Saturday, September 1, 2007

The tomatoes are in

It is nearly Fall in New England. We mark this by Back-to-school time, Labor Day, the closing of the public pools, the transition from peach trees to apple trees. The tomato harvest.

I don't buy tomatoes in the store anymore, or ask for them raw on a sandwich. They don't even taste like food. But a tomato grown on a vine, in a backyard or off the deck, is still one of God's great gifts. And I eat myself into a stupor on them.

Understand that I don't garden myself. I am more of an indoor girl.

I am a person people like to take care of, despite my passive agreesive (and sometimes not so passive) response to that gesture. It's probably because I so clearly don't do it myself. I had a co-worker who would, every day, hand me her cast-off fruit from her lunch, as if she wasn't going to eat it. I found out much later that she brought it for me, but she knew I wouldn't eat it if I knew that, only if I thought I was doing her a favor.

I'm really just a highly functioning basset hound in most situations.

When I put the word out that I will take tomatoes off the hands of the home gardner, I reap the full bounty. here's what you do: Wash it. Slice it (circles). Pepper it. Eat it.
Anything else is unnecessary.

I could link here to a whole bunch of recipies for your tomato harvest, but I am not going to.

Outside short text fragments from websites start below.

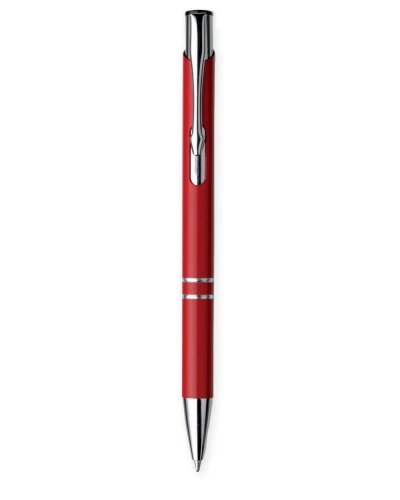 Penna a sfera in alluminio Rosso
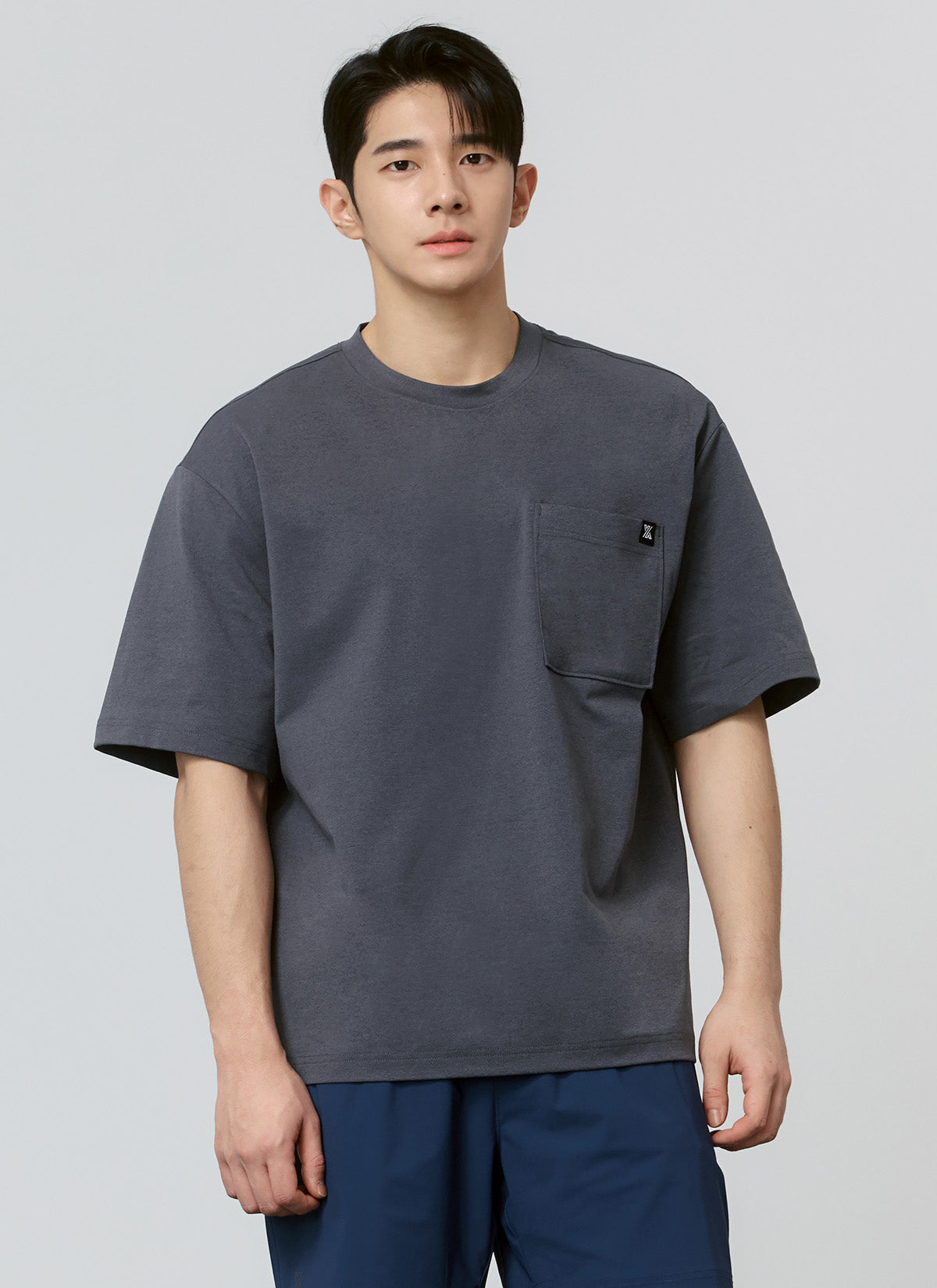 Cool Breeze Oversized Pocket Short Sleeve T-Shirt for Men - Casual Summer Comfort Shirt for Beach, Lounge & Outdoor Activities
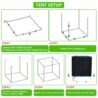 Chuanke Small Grow Tent for Aerogarden Hydroponics Growing System Indoor 20"x14"x22"High Reflective Mylar Leak-Proof of Light 600D Oxford Fabric for Indoor Plant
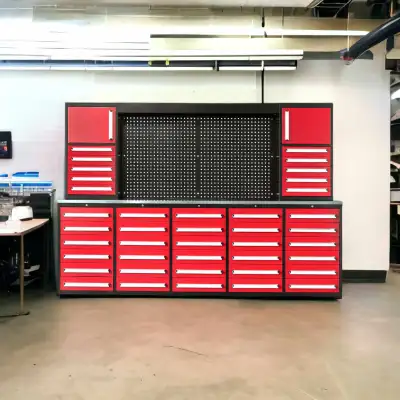 Armoire de rangement de 10 pieds avec 40 tiroirs et 2 armoires, View more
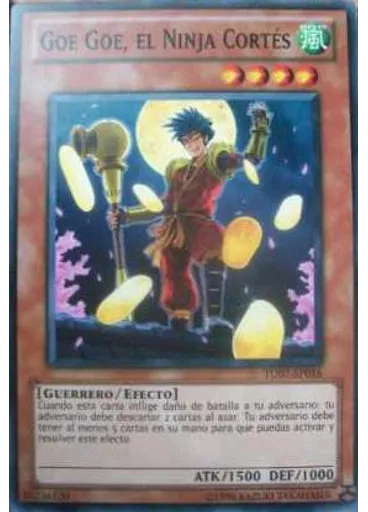 Goe Goe, el Ninja Cortés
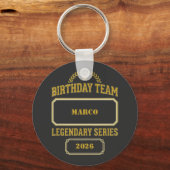 Personalized Legendary Series Gold  Birthday キーホルダー (正面)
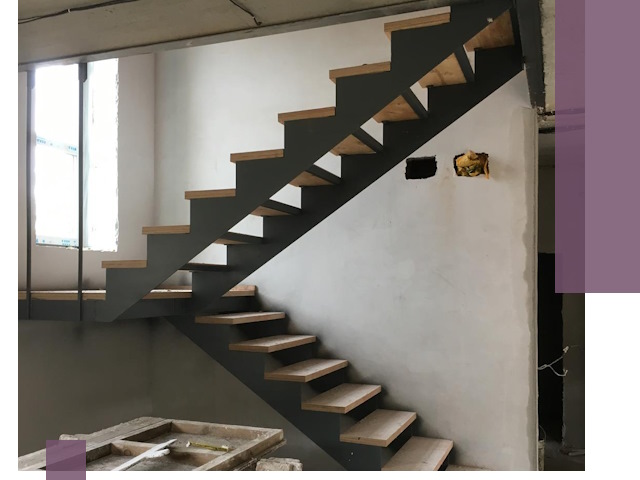 Изготовление лестниц на металлокаркасе в Кушве от производителя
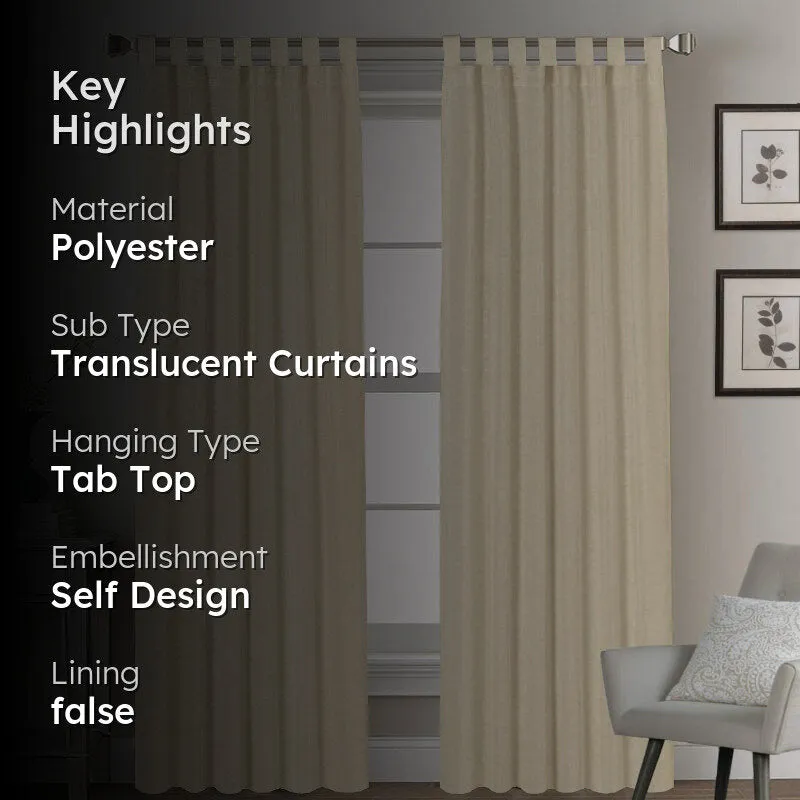 Esme Triple Pinch Pleat Short Width Curtain - Beige media 2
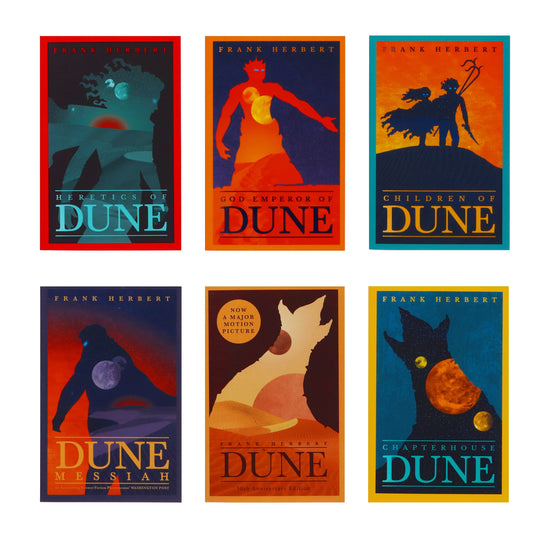 Dune Series By Frank Herbert 6 Books Collection Set - Fiction - Paperback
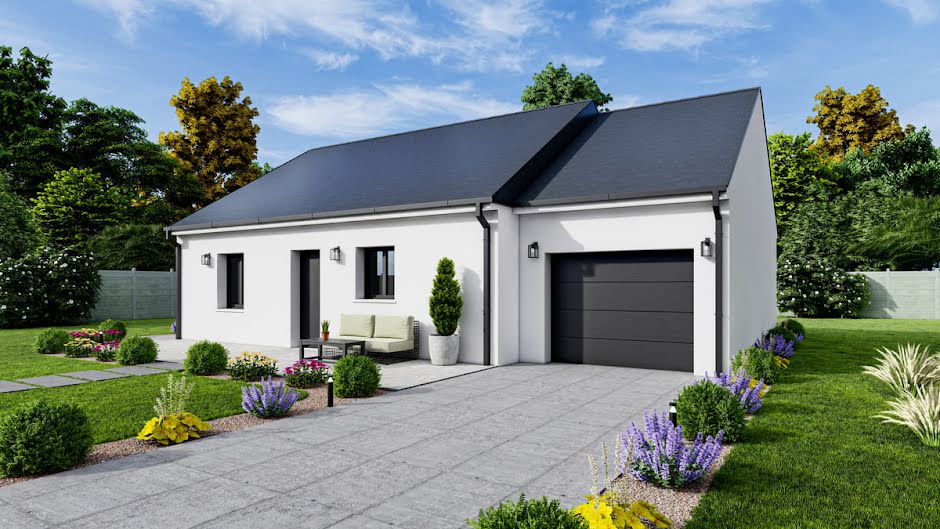 Vente maison neuve 4 pièces 73 m² à Rilly-sur-Vienne (37220), 145 164 €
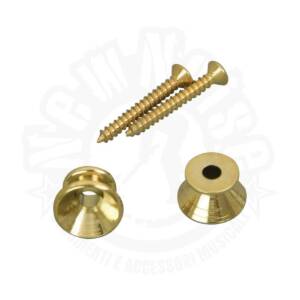 D'ANDREA - DAND-EP-2G - Bottoni per tracolla dorati Set 2pcs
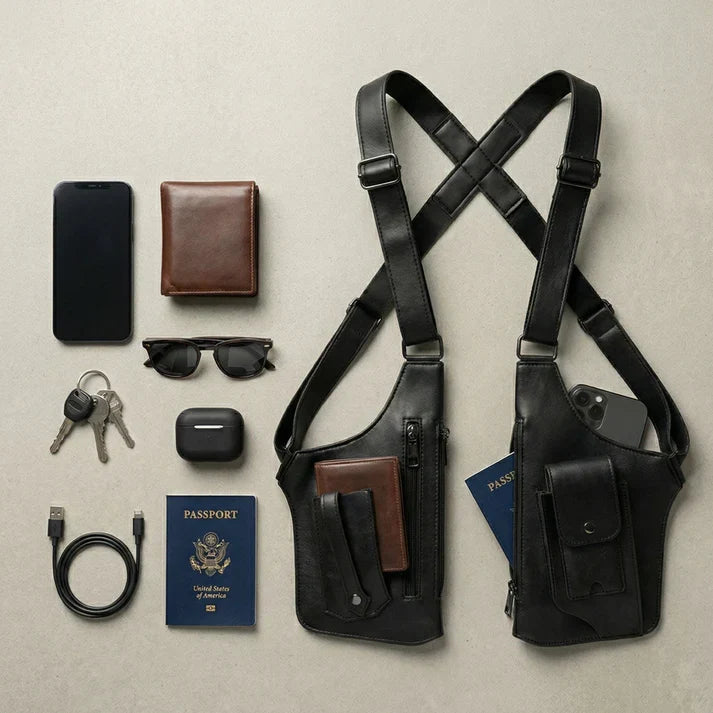 Nimbuswave - Adjustable Crossbody Utility Holster Bag Harness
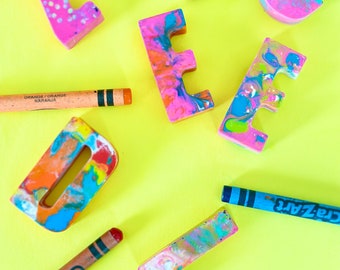 Personalized Crayon Letters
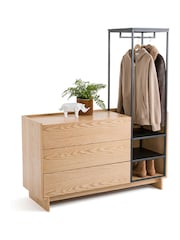 La Redoute Intérieurs Natural/Black Denho Modular Dresser - Image 4 of 6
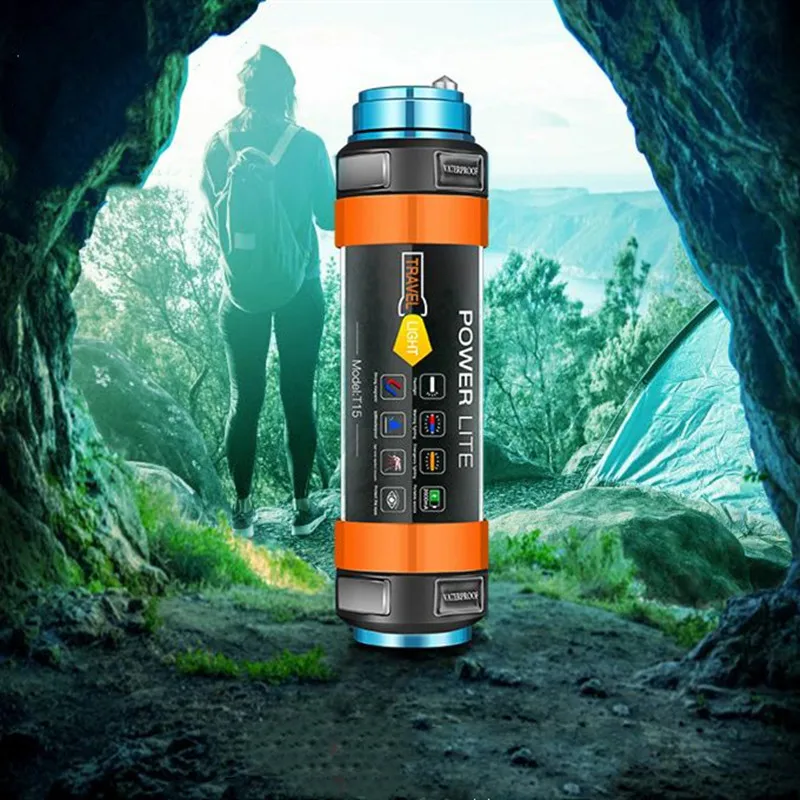

LED Camping Lantern with Magnet Tent Light USB Charging Outdoor Emergency Power Light 6 Modes Flashlight Mosquito Repellent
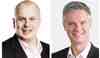 Kaj Ignatjew, Business Unit Director i Stella Safety Phone og Stefan Albertsson, CEO i AddSecure har inngått en avtale.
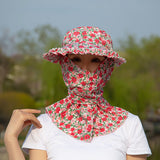 Vente anticipée 7 jours>>>Chapeau de soleil protection cou et visage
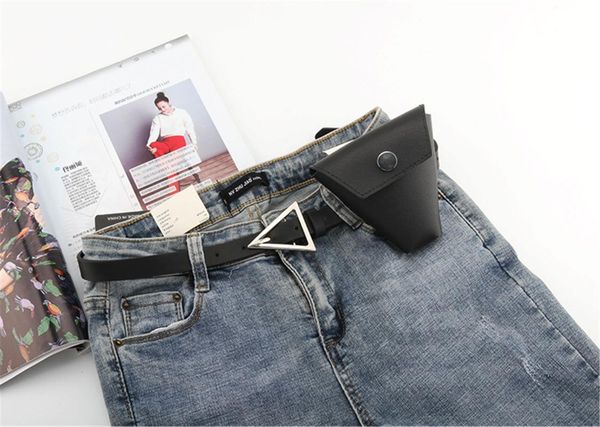 belts punk style women's belt stainless steel triangle pin buckle fashion black thin decoration shoulder crossbody bag, Black;brown
belts punk style women's belt stainless steel triangle pin buckle fashion black thin decoration shoulder crossbody bag, Black;brown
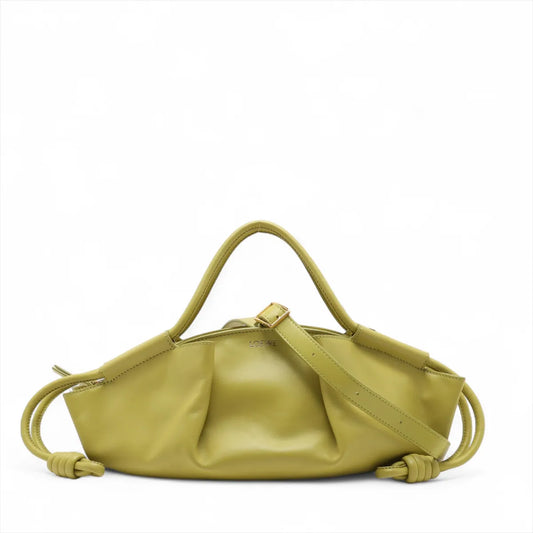 Loewe Paseo Leather Two-Way Shoulder Bag Green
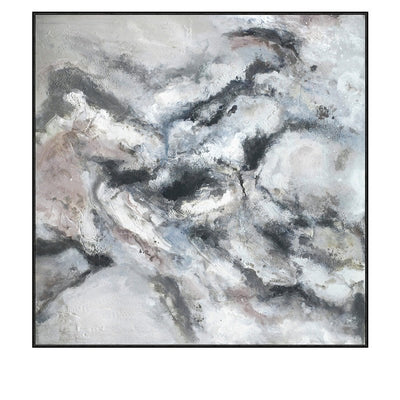 Pewter Wall Painting Canvas - Al Rugaib Furniture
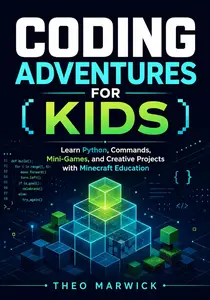 Coding Adventures for Kids: Learn Python, Commands, Mini-Games, and Creative Projects with Minecraft Education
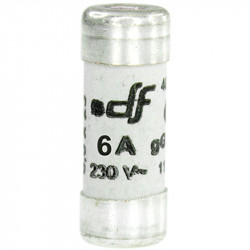 Fusible 6A gF 8,5x23 sans...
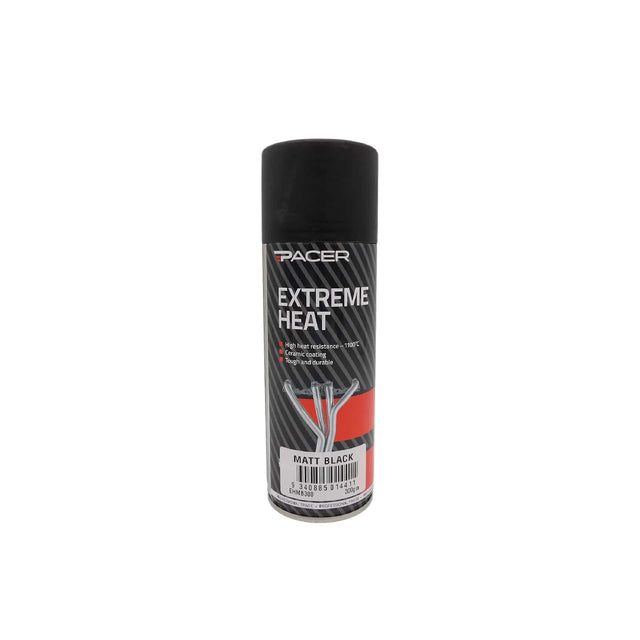 Extreme Heat Matt Black EHMB300 - Pacer - Engine Enamel & Heat Proof Paint - Pacer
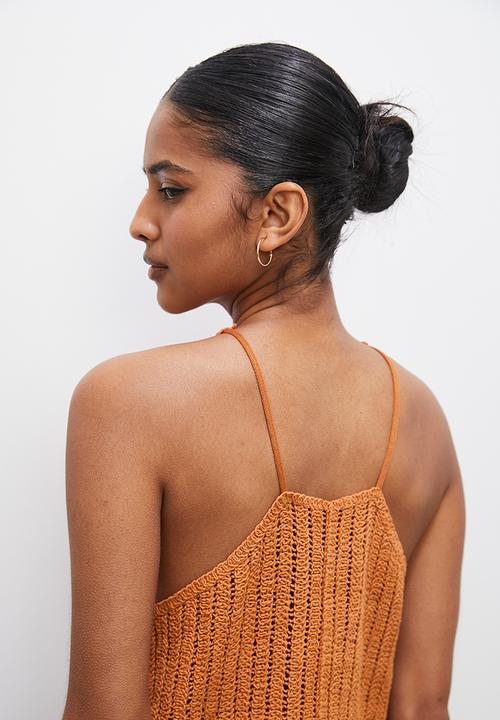 Superbalist - Strappy insert halter top - tan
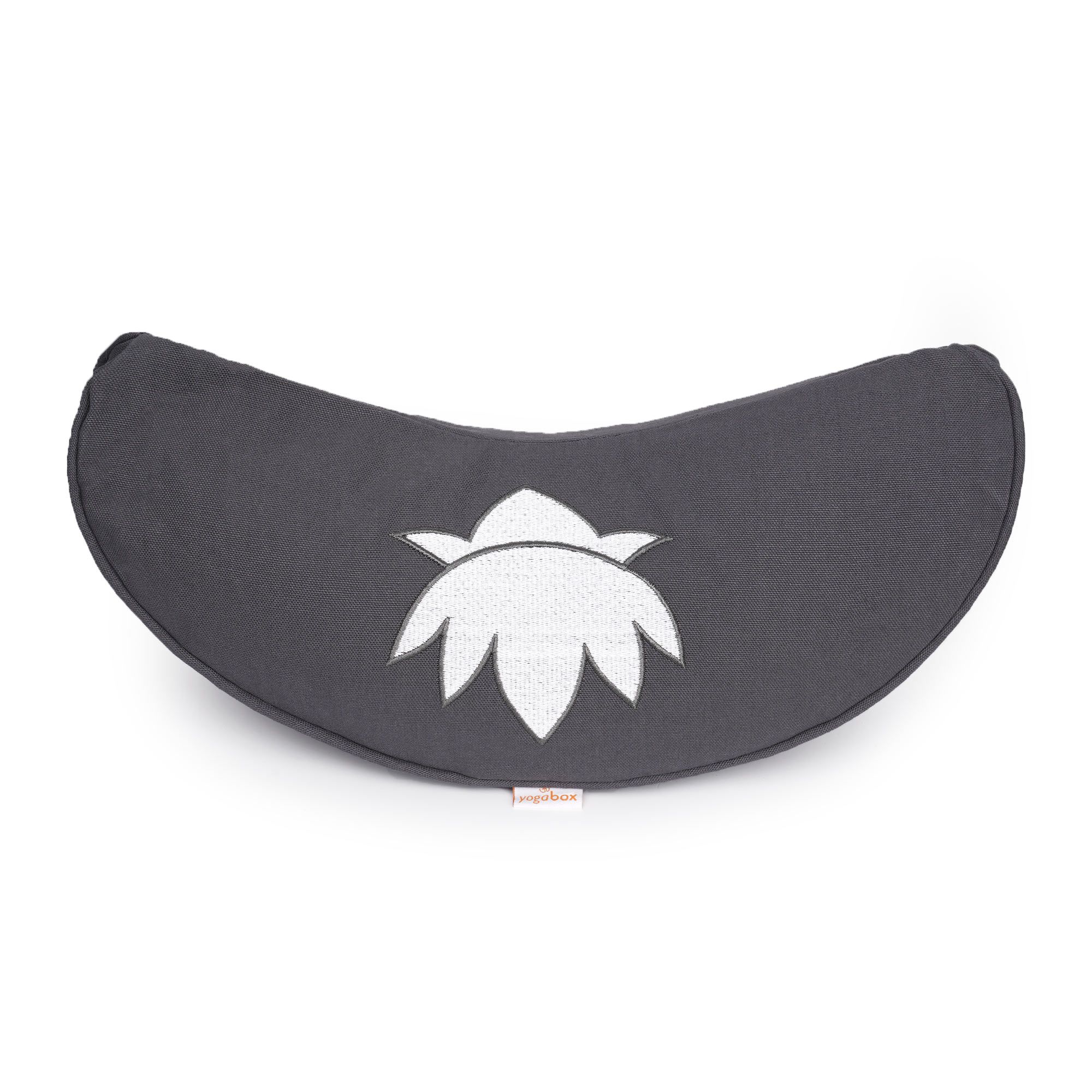 yogabox Yogakissen Halbmond Basic Lotus Stick weiß - grau 40 x 17 12,0 cm 1 St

That sounds foody, and I would rather just eat.

But this was odd, so I leave it with you.

1 comment:

  1. what's creepier here?
    1. The old lady singing off key (even before she says, "I love them so much I sing off key")
    2. The reggae beat behind her
    3. The fact that she claims to sleep with a tomato on her head.

    I would argue that here, the whole is creepier than the sum of its' parts.